• _Task brief_
For the records below, copy exactly the span that begins at the line containing "Given the sequence" and stops after the line containing "There is a section", minus any pictures.

[[ Input data, beginning ]]

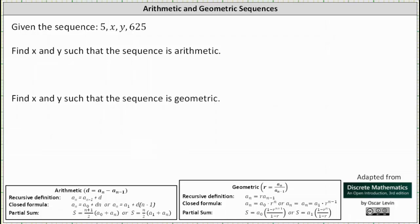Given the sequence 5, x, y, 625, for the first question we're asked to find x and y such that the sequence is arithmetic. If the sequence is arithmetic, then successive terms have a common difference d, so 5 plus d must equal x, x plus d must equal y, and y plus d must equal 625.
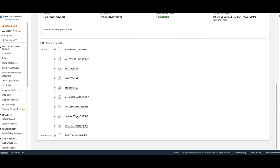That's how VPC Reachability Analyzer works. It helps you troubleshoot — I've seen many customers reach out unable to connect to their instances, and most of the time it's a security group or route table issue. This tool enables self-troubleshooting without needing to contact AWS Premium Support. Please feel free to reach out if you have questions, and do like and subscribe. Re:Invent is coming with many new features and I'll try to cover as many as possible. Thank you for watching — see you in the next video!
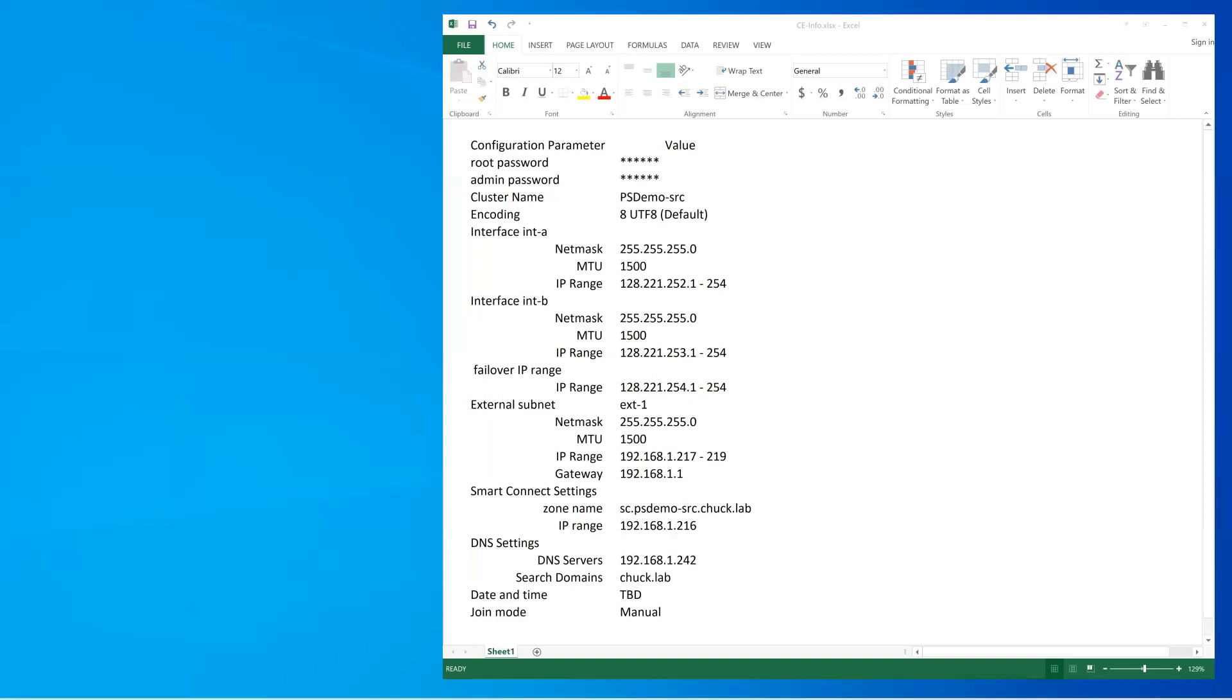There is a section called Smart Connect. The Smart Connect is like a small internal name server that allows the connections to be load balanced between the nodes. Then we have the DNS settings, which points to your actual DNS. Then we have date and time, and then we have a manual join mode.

[[ Input data, end ]]
[[ Input data, beginning ]]

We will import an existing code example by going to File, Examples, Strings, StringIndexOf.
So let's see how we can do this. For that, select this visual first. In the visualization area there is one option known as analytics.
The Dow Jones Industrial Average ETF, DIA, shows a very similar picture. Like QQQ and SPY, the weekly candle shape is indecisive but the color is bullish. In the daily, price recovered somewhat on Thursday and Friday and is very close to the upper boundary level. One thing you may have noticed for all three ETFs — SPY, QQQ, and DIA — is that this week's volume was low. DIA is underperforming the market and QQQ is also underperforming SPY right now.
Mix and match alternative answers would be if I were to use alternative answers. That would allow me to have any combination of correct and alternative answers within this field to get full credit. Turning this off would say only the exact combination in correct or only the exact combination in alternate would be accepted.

[[ Input data, end ]]
[[ Input data, beginning ]]

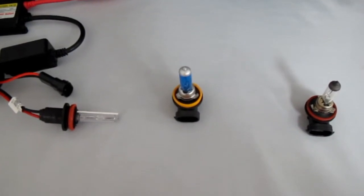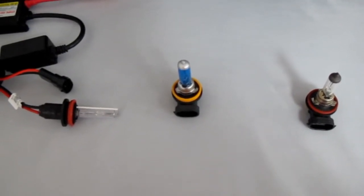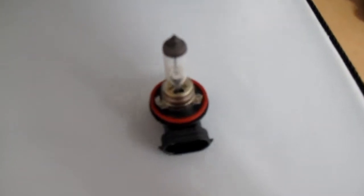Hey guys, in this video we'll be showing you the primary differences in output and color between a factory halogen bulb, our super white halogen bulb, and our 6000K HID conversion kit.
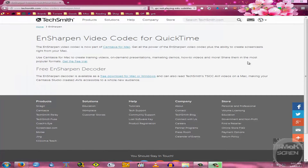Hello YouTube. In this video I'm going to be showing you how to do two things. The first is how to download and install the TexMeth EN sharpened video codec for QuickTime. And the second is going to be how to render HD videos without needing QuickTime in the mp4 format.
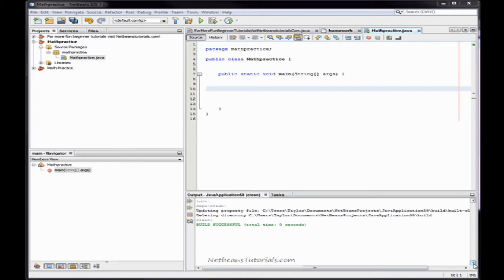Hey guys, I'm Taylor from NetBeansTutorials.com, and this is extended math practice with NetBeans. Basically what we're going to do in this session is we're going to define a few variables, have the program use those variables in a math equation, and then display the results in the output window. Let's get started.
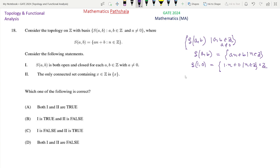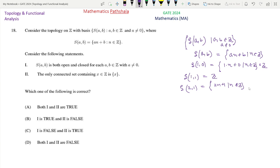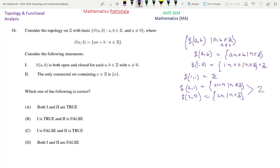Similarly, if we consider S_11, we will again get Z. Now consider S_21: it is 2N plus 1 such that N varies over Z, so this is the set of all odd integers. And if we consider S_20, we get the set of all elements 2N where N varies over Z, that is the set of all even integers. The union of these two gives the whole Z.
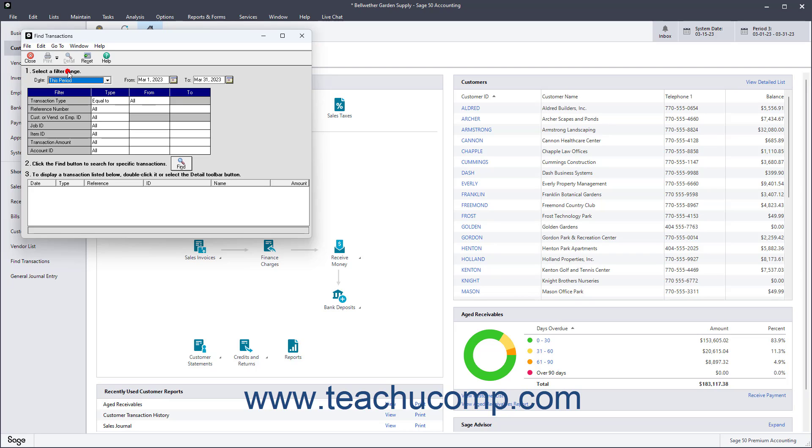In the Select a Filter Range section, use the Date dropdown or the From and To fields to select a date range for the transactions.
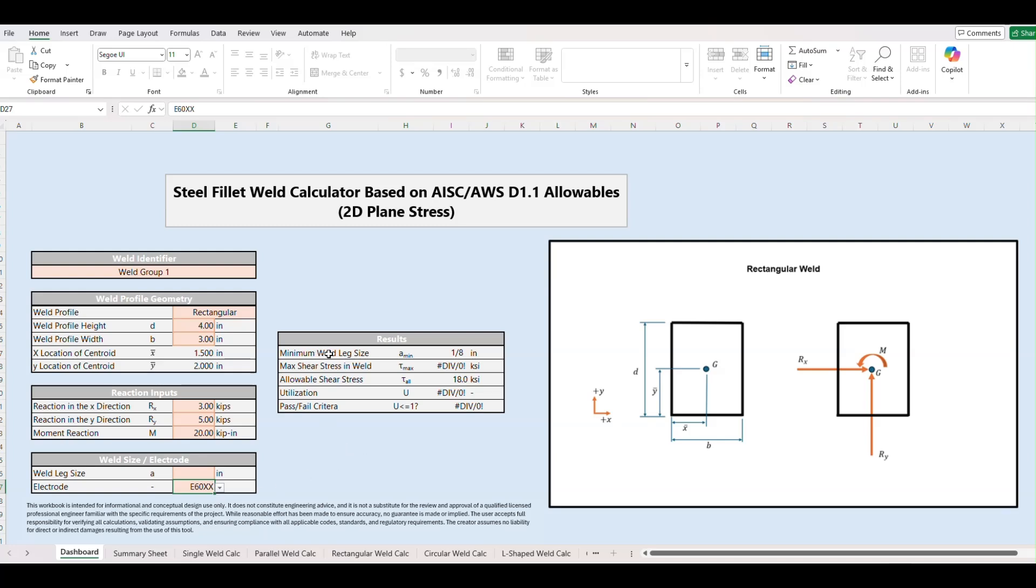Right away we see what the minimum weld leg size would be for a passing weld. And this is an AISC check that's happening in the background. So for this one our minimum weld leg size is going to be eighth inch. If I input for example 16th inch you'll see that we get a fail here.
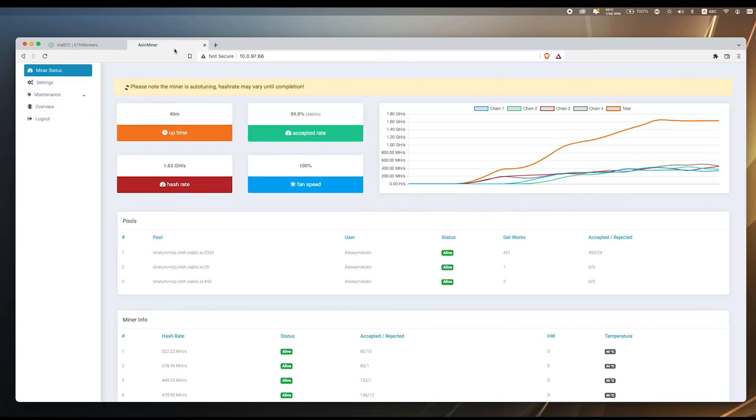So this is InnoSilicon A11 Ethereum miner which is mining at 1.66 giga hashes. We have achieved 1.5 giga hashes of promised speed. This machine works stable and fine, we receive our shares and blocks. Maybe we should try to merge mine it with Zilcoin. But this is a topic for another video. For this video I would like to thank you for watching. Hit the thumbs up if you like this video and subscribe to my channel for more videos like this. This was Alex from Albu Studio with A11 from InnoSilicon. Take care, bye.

[[ Input data, end ]]

• _Exercise answer_
Given the sequence 5, x, y, 625, for the first question we're asked to find x and y such that the sequence is arithmetic. If the sequence is arithmetic, then successive terms have a common difference d, so 5 plus d must equal x, x plus d must equal y, and y plus d must equal 625.
That's how VPC Reachability Analyzer works. It helps you troubleshoot — I've seen many customers reach out unable to connect to their instances, and most of the time it's a security group or route table issue. This tool enables self-troubleshooting without needing to contact AWS Premium Support. Please feel free to reach out if you have questions, and do like and subscribe. Re:Invent is coming with many new features and I'll try to cover as many as possible. Thank you for watching — see you in the next video!
There is a section called Smart Connect. The Smart Connect is like a small internal name server that allows the connections to be load balanced between the nodes. Then we have the DNS settings, which points to your actual DNS. Then we have date and time, and then we have a manual join mode.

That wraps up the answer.